■ Data provided ■
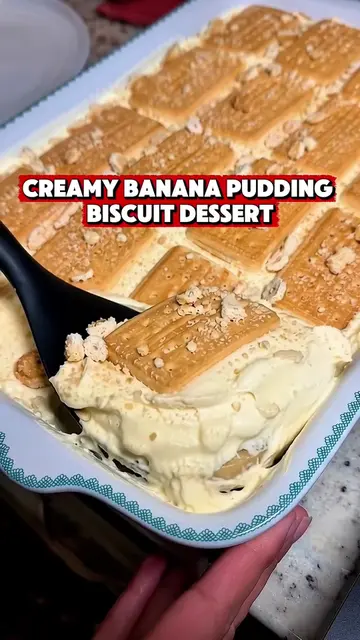🍌 Creamy Banana Pudding Biscuit Dessert This Creamy Banana Pudding Biscuit Dess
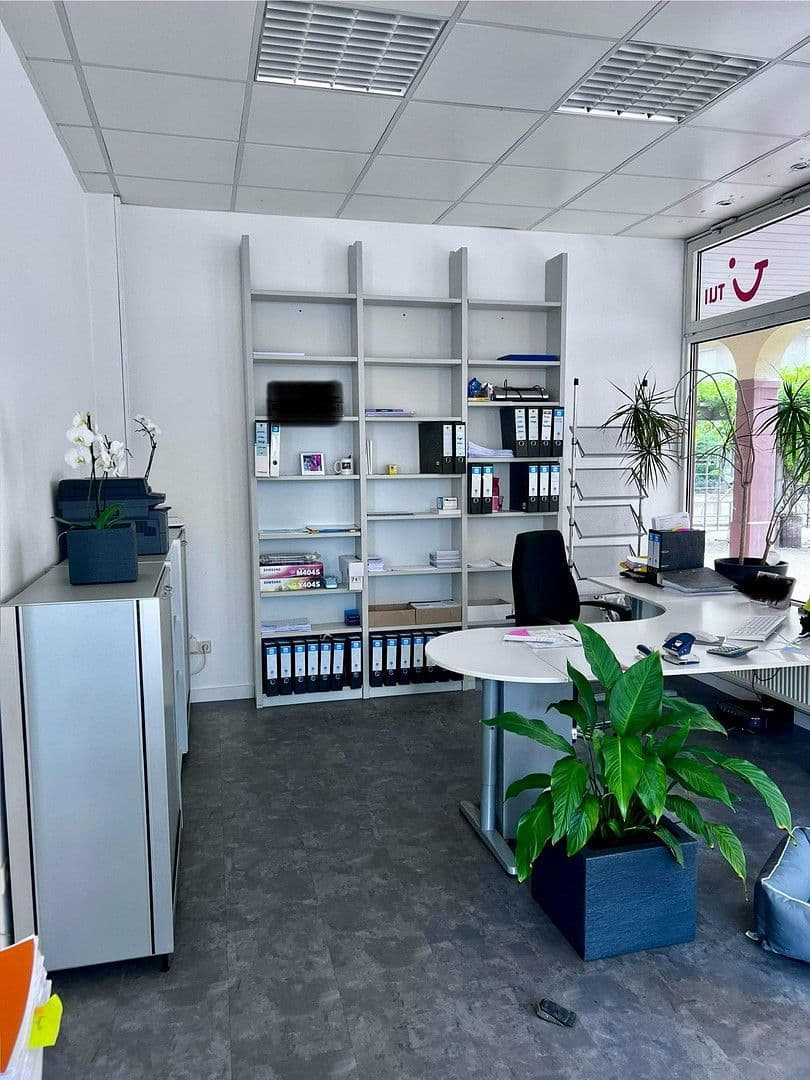 Pronájem kanceláře 63 m², Bobenheim am Berg, Porýní-Falc Pronájem kanceláře 63 m², Bobenheim am Berg, Porýní-Falc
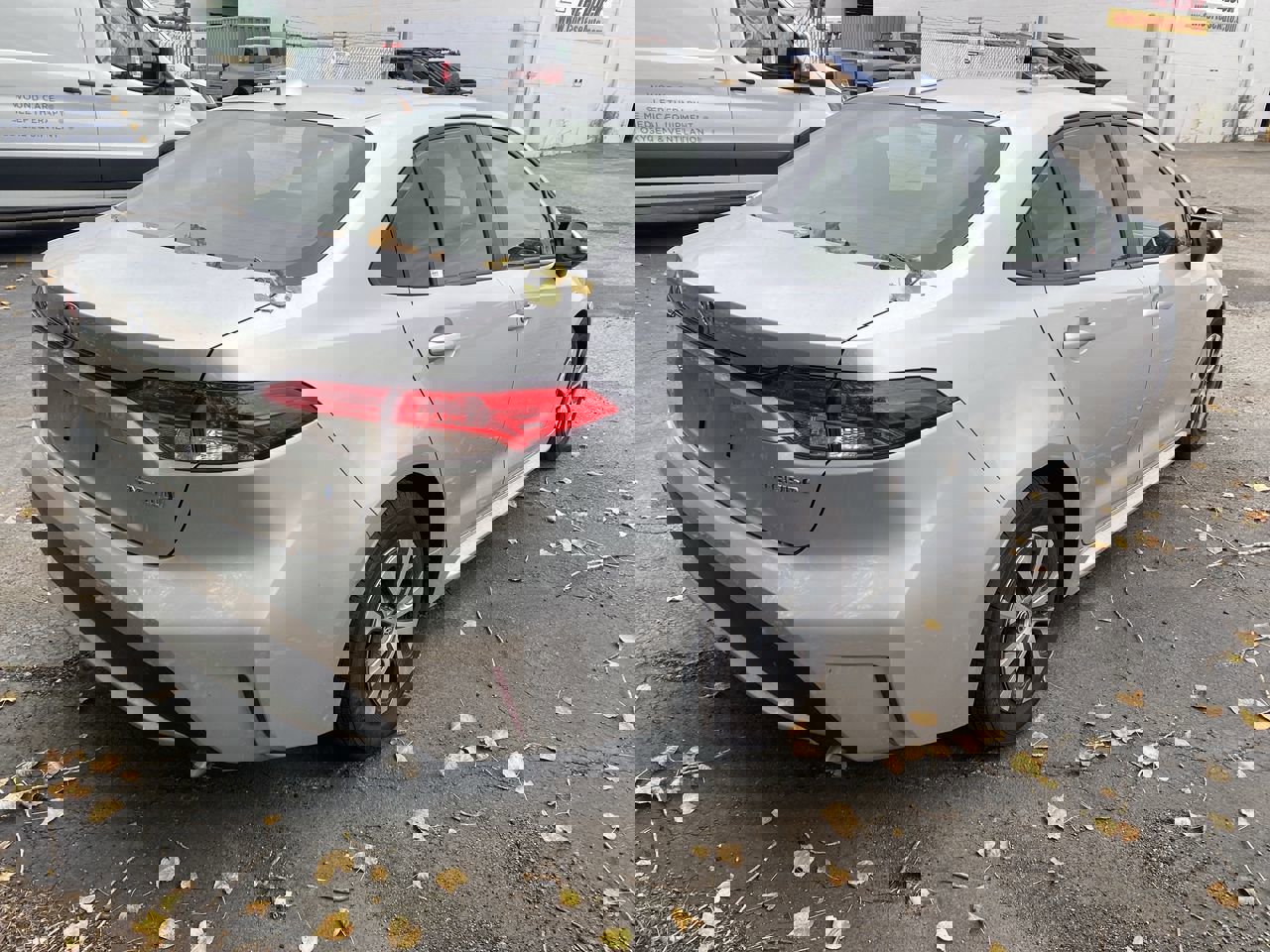 2021 Toyota Corolla Hybrid LE photo 3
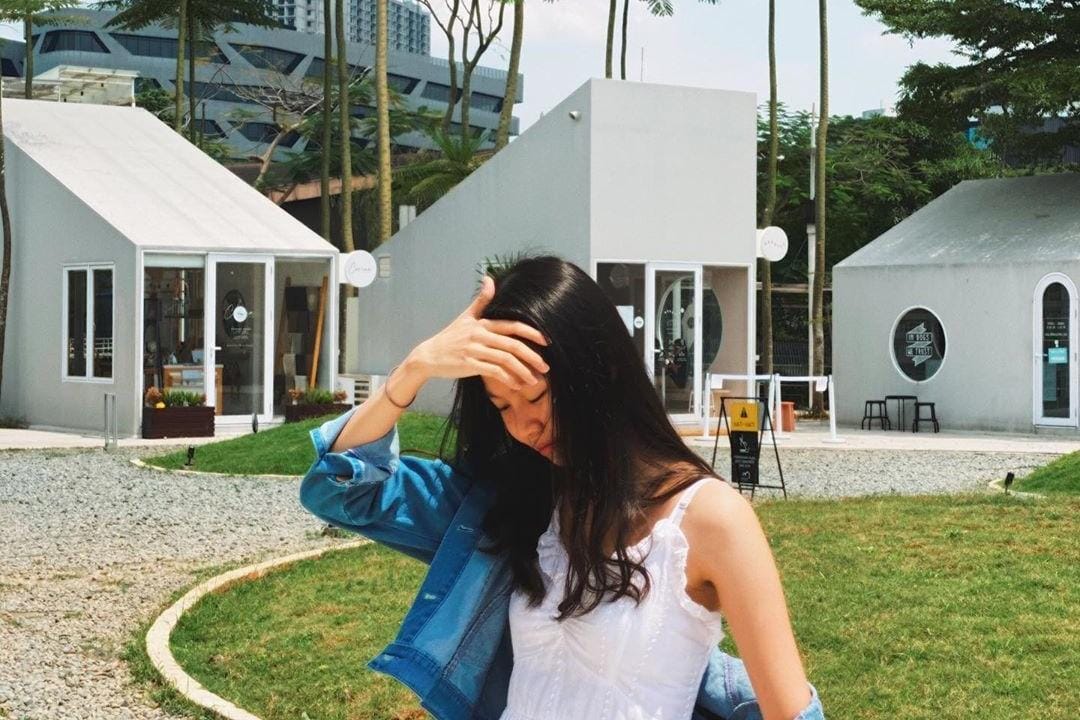 instagram.com/ theresiafrita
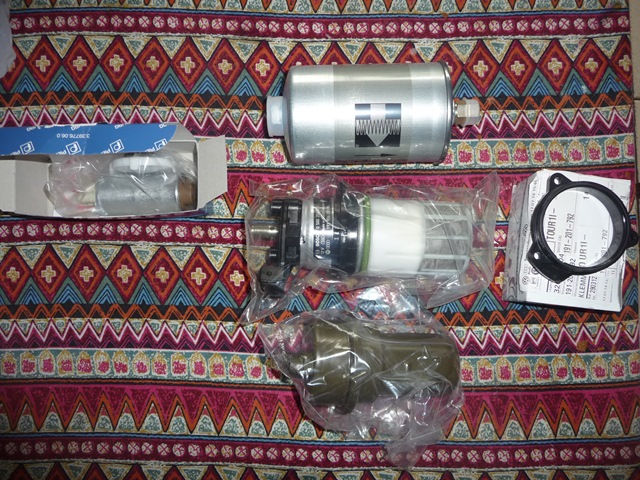 Prochain chantier...<br />Ensemble complet pour refaire toute l'alim en partant du réservoir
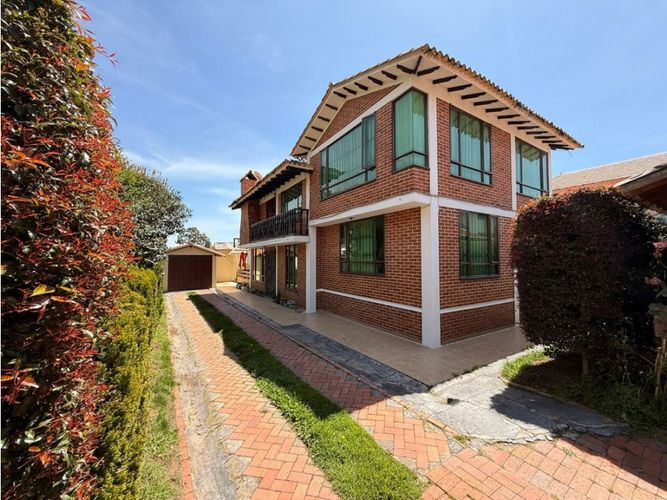 Casa de 4 alcobas en venta en Cota, 373 m² · foto 4 de 24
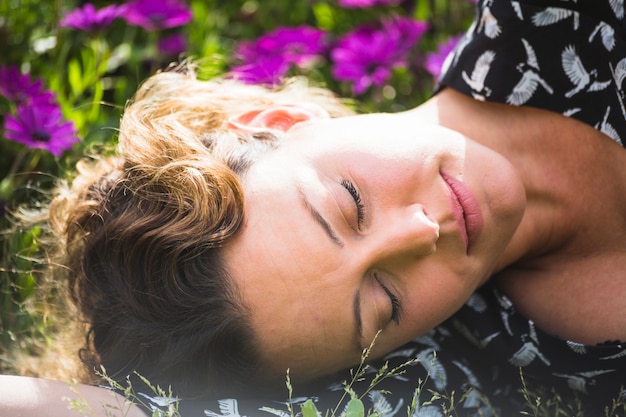 Kostenloses Foto hübsche frau, die im garten schläft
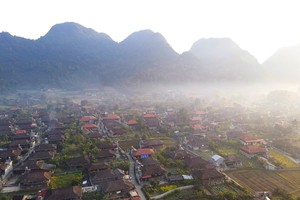 琼山社区旅游村。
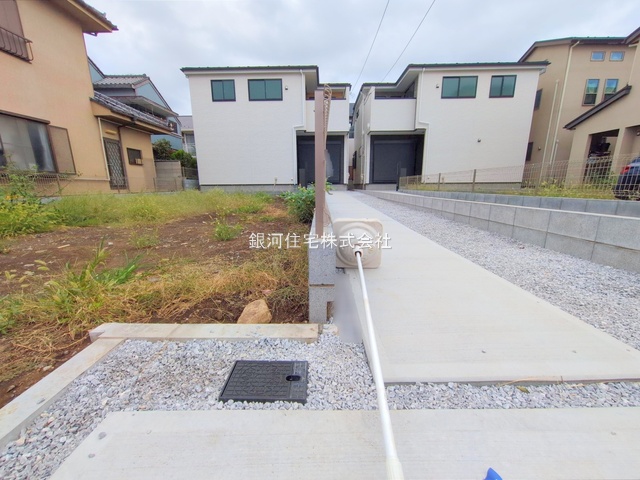 G00381547 東京都国立市西２丁目 新築一戸建て 6699万円 土地面積126.02m² (約38.12坪) 建物面積105.57m² (約31.93坪) 間取り４ＬＤＫ 築年月2025年09月(築１年以内)【外観16】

■ To do ■
Copy out the whole listing exactly. Skip its pictures.

■ Exercise output ■
🍌 Creamy Banana Pudding Biscuit Dessert This Creamy Banana Pudding Biscuit Dess
 Pronájem kanceláře 63 m², Bobenheim am Berg, Porýní-Falc Pronájem kanceláře 63 m², Bobenheim am Berg, Porýní-Falc
 2021 Toyota Corolla Hybrid LE photo 3
 instagram.com/ theresiafrita
 Prochain chantier...<br />Ensemble complet pour refaire toute l'alim en partant du réservoir
 Casa de 4 alcobas en venta en Cota, 373 m² · foto 4 de 24
 Kostenloses Foto hübsche frau, die im garten schläft
 琼山社区旅游村。
 G00381547 東京都国立市西２丁目 新築一戸建て 6699万円 土地面積126.02m² (約38.12坪) 建物面積105.57m² (約31.93坪) 間取り４ＬＤＫ 築年月2025年09月(築１年以内)【外観16】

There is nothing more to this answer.